= Schoklender case =

Parricide in Buenos Aires, Argentina

The Schoklender case was a parricide that occurred at dawn on May 30, 1981, when Sergio Schoklender and Pablo Schoklender murdered their parents in their apartment in Belgrano in Buenos Aires.

==Background==

The newly graduated industrial engineer Mauricio Schoklender and Cristina Romano Silva met on January 11, 1955 in a downtown café. He belonged to a middle-class Jewish family while she was Catholic, which did not please the boy's mother. Despite this animosity, they married that year on July 7 and immediately moved to the city of Tandil in southern Buenos Aires province, where Mauricio had found a job in the Tandil Metallurgical Company SA.

Their three children were born in this city: Sergio, Pablo and Ana Valeria Schoklender. The couple lived humbly at first, but gradually became successful. Cristina organized literary meetings in their home. When the crime came to light, some neighbors recalled that the Schoklender house was dirty and messy, and that Cristina drank excessively and used to leave her children home alone. By 1968, Mauricio started working at Pittsburgh & Cardiff Coal Co. SA, so the family moved to Buenos Aires to the fourth floor of the building located in Tres de Febrero 1480, in Belgrano, which subsequently hosted the drama.

==Crime==
On the night of May 29, 1981, 20-year-old Pablo returned to the apartment and heard that his parents had returned. He hid in the closet of his brother's bedroom. At approximately 3 am on Saturday 30th, Pablo woke his brother and they went to the living room. When his mother got up and walked towards them, Pablo smashed her head with a 30 cm long and 3 cm wide steel bar, used for weight lifting. The first blow struck the right side of her head, causing her to fall on her face. Sergio hit her twice in the back of the neck. He used a blue shirt to strangle her. Pablo wrapped her in a blanket and put a plastic bag on her head. They used rags to clean the blood on the parquet floor.
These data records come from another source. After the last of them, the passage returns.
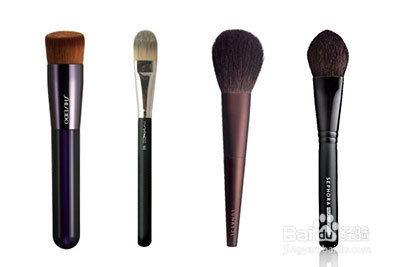 教你如何选择化妆刷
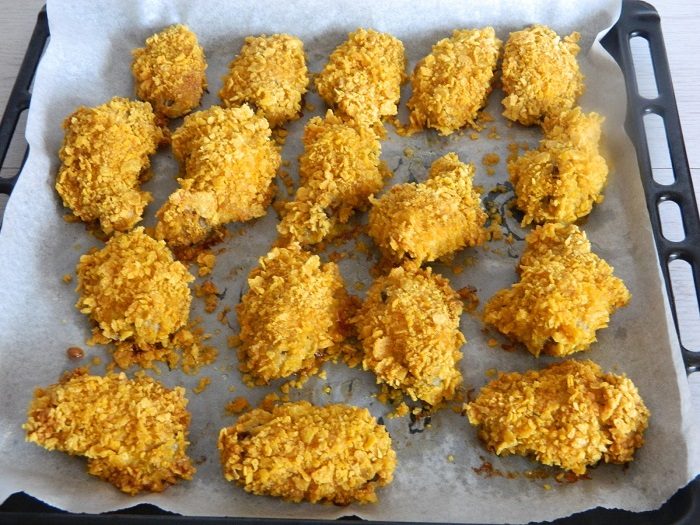 Секреты сочных и хрустящих куриных крылышек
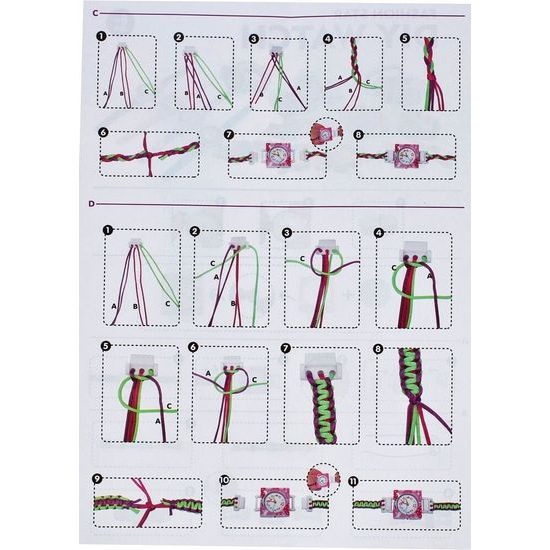 Dětská sada na výrobu hodinek DIY Watch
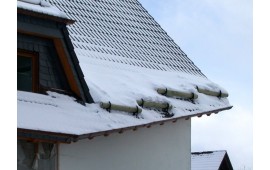 Система снегозатримання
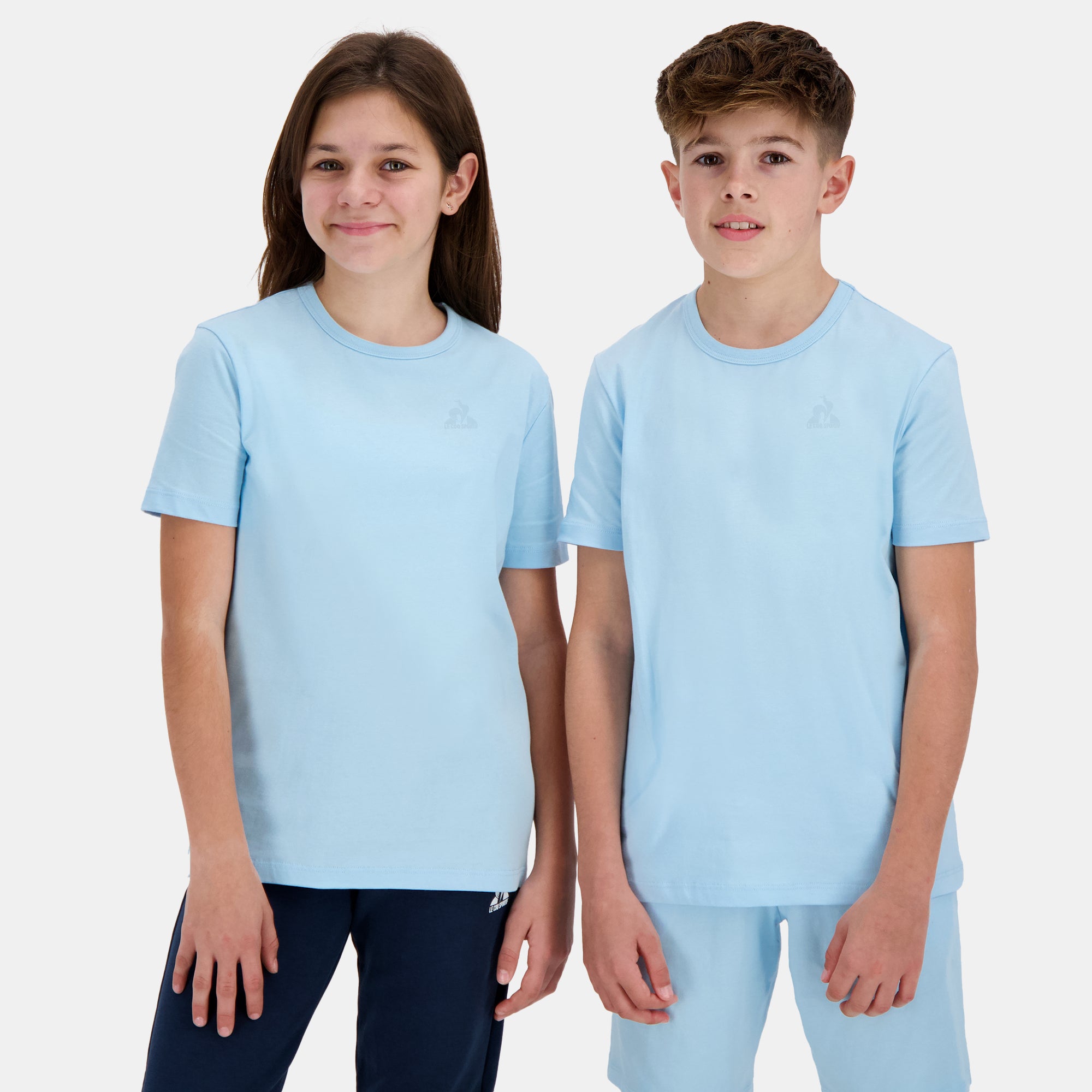 2510447-BAT SP Tee SS N°2 Enfant crystal blue | T-shirt Enfant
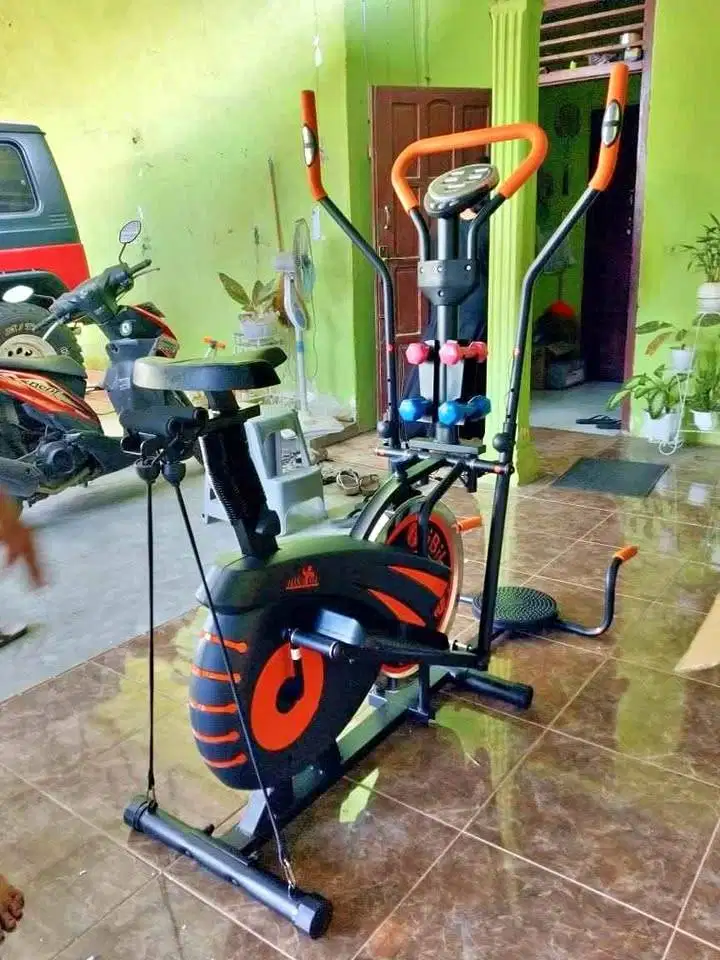 Harga Sepeda Statis Terbaik Dan Termurah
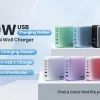 200W_GaN_Charger_6_Ports Customized Colors Colorful 200W_GaN_Charger_6_Ports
Over the next two hours the brothers deliberated what to do with their father and decided to kill him. They went to his room where he was sleeping. With multiple heavy blows they destroyed almost all the bones of his skull. Sergio passed the rope around their father's neck to make a tourniquet with the bar. They wrapped him in a bottom sheet and put a plastic bag on his head.